**Task statement**:
The response should consist of every line below, restated exactly, with no pictures.

------ Provided entries

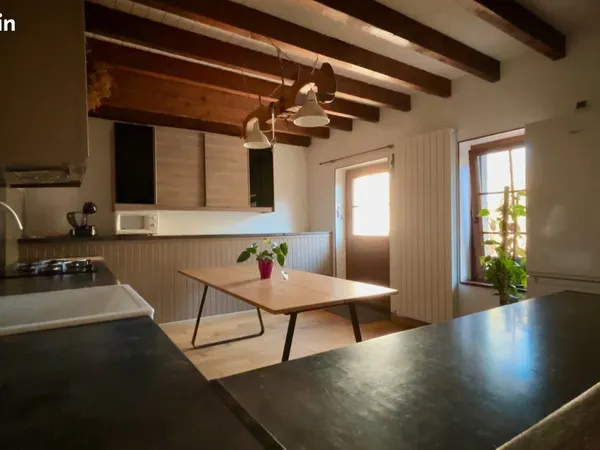 Maison meublée à Montsaunès 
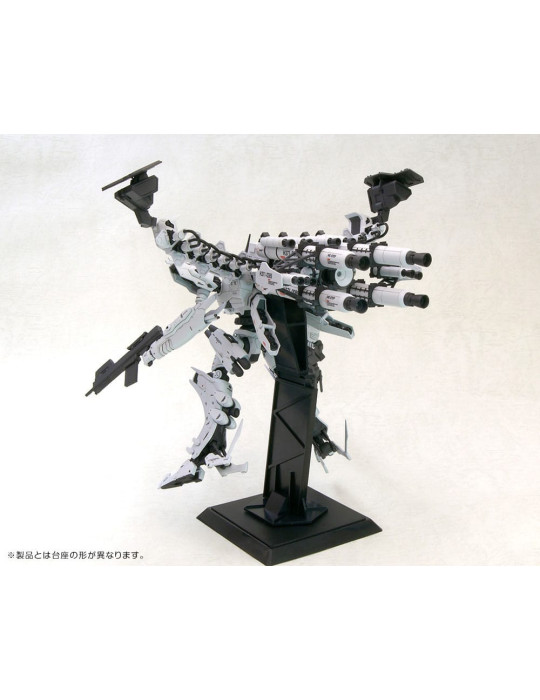 Armored Core Plastic Model Kit 1/72 Lineark White-Glint & V.O.B Set (Reproduction) 16 cm Kotobukiya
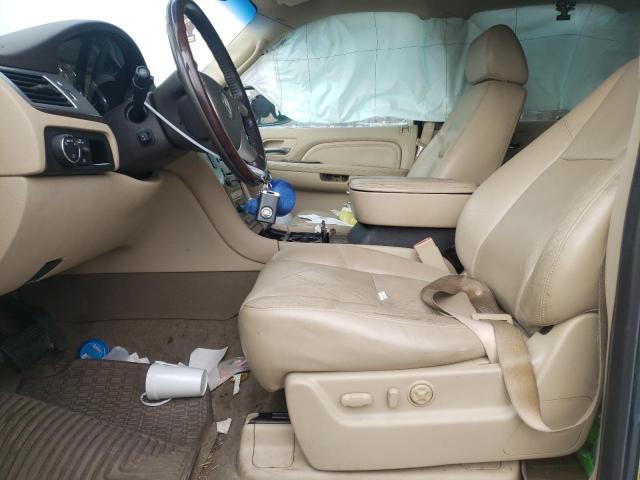 Photo 7 from auction – 2009 CADILLAC ESCALADE L with VIN 1GYFK23219R261024
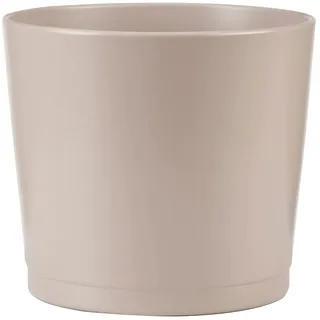 Scheurich Übertopf 883 Ø 28 x 24,3 cm Taupe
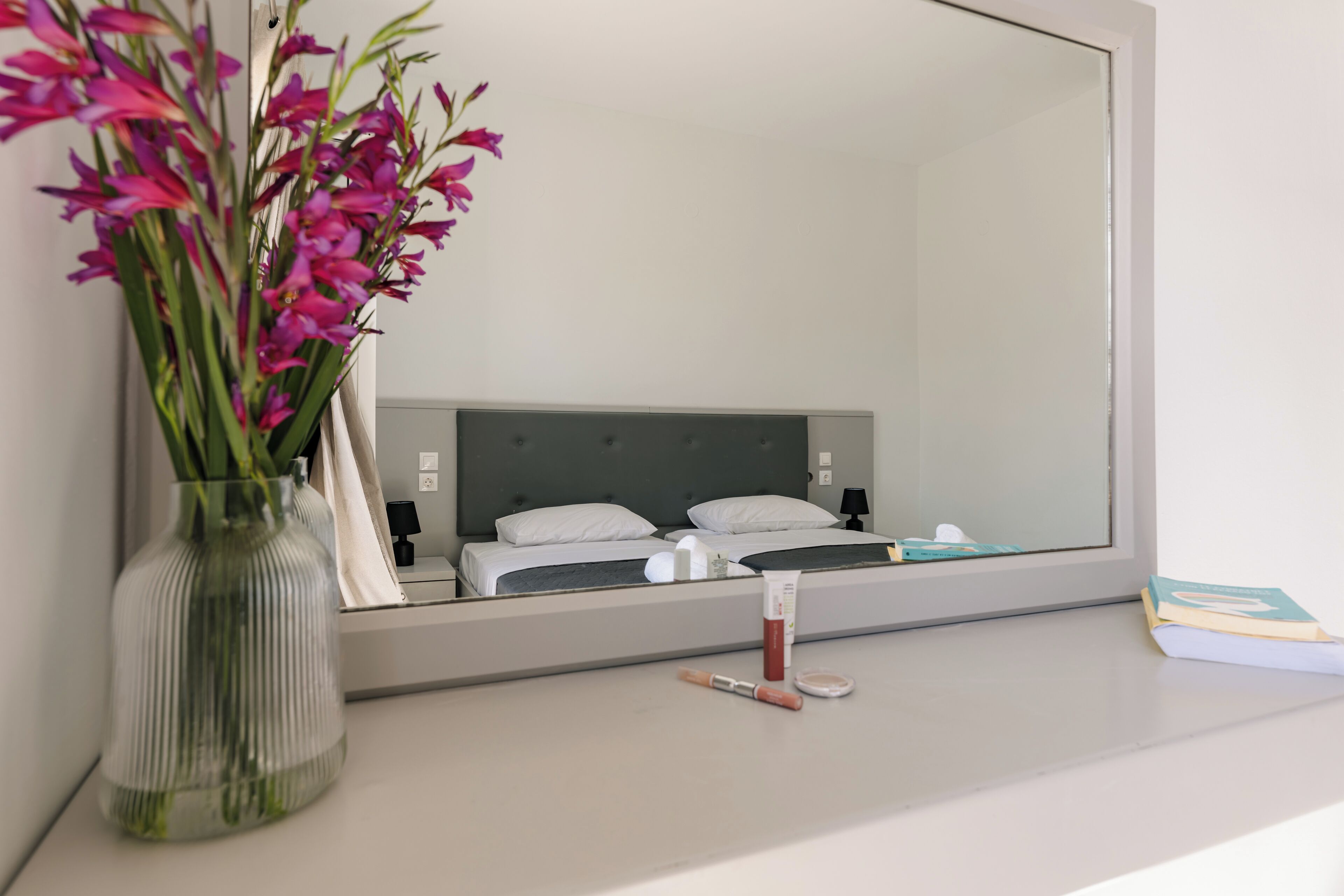 Studio, Garden View | Blackout drapes, free WiFi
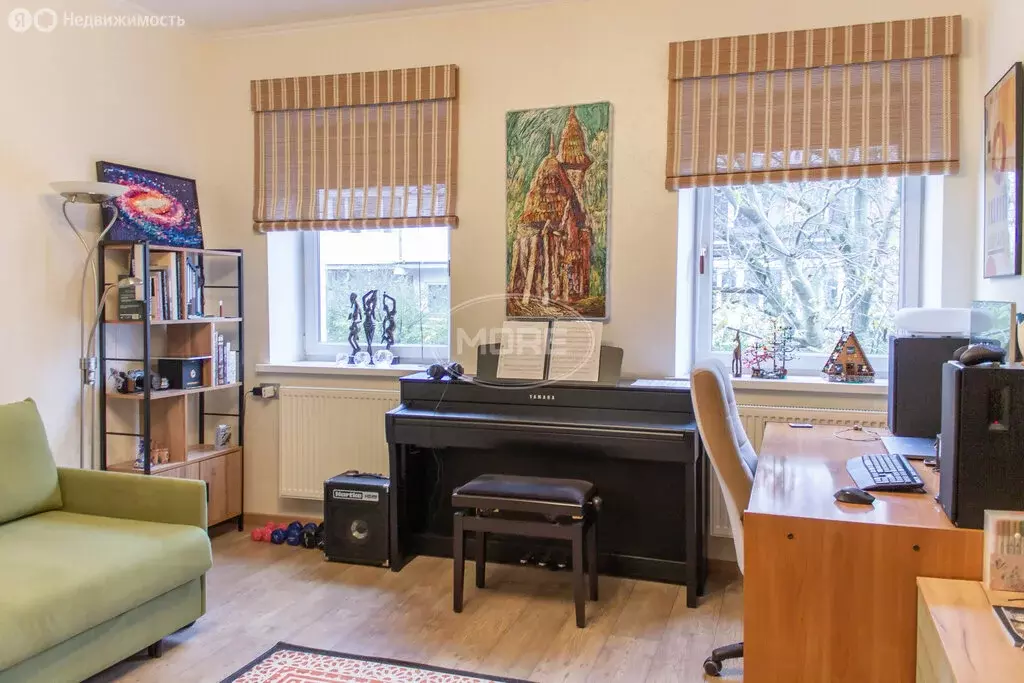 3-комнатная квартира: Калининград, Коммунальная улица, 38 (67.6 м) - Фото 1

------------

**Task solution**:
 Maison meublée à Montsaunès 
 Armored Core Plastic Model Kit 1/72 Lineark White-Glint & V.O.B Set (Reproduction) 16 cm Kotobukiya
 Photo 7 from auction – 2009 CADILLAC ESCALADE L with VIN 1GYFK23219R261024
 Scheurich Übertopf 883 Ø 28 x 24,3 cm Taupe
 Studio, Garden View | Blackout drapes, free WiFi
 3-комнатная квартира: Калининград, Коммунальная улица, 38 (67.6 м) - Фото 1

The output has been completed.